S01E01: »Damn, this PDF is all I’ve got…«

So, all you’ve got is a PDF file full of information – but you need (some of) its content in a different format.

Here’s what you can do.

Visual cues:
What to do Results Caveats Package to install

A few caveats, aka: »management of expectations«

PDF files essentially contain »boxes with text«, spread across a page, without much information about the text flow or things like »heading levels«. It’s all conveyed by the visual layout only.

Humans can make sense of that, but a simple copy & paste of the text will often lead to disappointing results.

While there is no perfect solution for this, some tools can make a pretty good guess on how the text flows in a PDF. Be ready for some post-processing, though.

Physical (»real«) page numbers within a PDF file start at 1 for the first page and trivially increase by 1, just until the end. Quite often, the page numbers you can see on a page, or in a table of contents (TOC) do not match the physical page numbers. When in doubt, open the PDF with your preferred PDF viewer and pick the page numbers it shows.

Boot into Linux

Boot into a fairly recent Linux distribution. For this episode, we’ve used a plain vanilla, mainstream Kubuntu 20.04 LTS, and cross-checked our results on Manjaro 21.0.7 XFCE.

Open a terminal and you’re ready to go.

Tools used, and their packages

  • convert, import, montage imagemagick
  • gs ghostscript
  • inkscape inkscape
  • pandoc pandoc
  • pdf2svg pdf2svg
  • pdfcrop texlive-extra-utils or texlive-core
  • pdftk pdftk
  • pdftoppm, pdftotext, pdfimages poppler-utils
  • tesseract tesseract-ocr or tesseract (+tesseract-ocr-fra, tesseract-ocr-spa, … or tesseract-data-fra, tesseract-data-spa, … )
  • xdotool xdotool

Sample files used

One-liners.

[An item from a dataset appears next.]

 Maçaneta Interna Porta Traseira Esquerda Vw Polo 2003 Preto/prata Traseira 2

Or two.

I need the text only

As a sample file to start with, we’ll be using udhr.pdf:

Complete PDF, as plain text

pdftotext udhr.pdf
udhr.txt

Tip:

  • Add -nopgbrk to your command if you don’t want the original page breaks in the resulting text file.

… but I need only parts of the PDF

Only pages 2 (first) to 5 (last), as plain text

pdftotext -f 2 -l 5 udhr.pdf udhr-p2-5.txt
udhr-p2-5.txt
Shorten the PDF to a few streaks of pages, before the conversion

To keep only p. 2-3, 5, and 7-8:

pdftk udhr.pdf cat 2-3 5 7-8 output udhr-shortened.pdf
udhr-shortened.pdf
Crop away undesirable footers, headers, left, or right margins, before the conversion

With respect to your own PDF files, please experiment with margin sizes, until the cropped PDF pages contain no more undesirable text. Keep a blank margin of 10pt on all sides that don’t carry undesired content.

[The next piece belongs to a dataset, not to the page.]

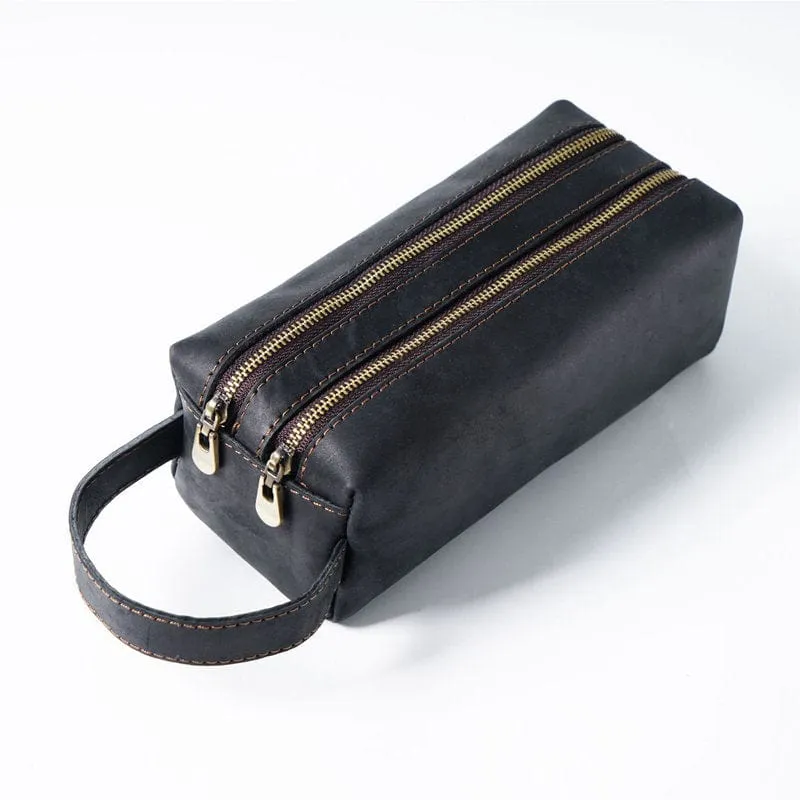 Large Leather Pencil Case Pen Bag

Our sample file GG.pdf contains header and footer text that we want to get rid of, before the conversion:

In our case, we’ll cut both header and footer by -20pt, but leave left and right margins of 10pt, each.

pdfcrop --margins '10 -20 10 -20' --hires --clip GG.pdf
GG-crop.pdf

… but I need real paragraphs, and soft line breaks

Introduce soft line breaks and paragraphs in the result

Let pandoc take a try on that.

Please note that while this improves things a lot, you’ll most likely have to manually insert a few hard line breaks.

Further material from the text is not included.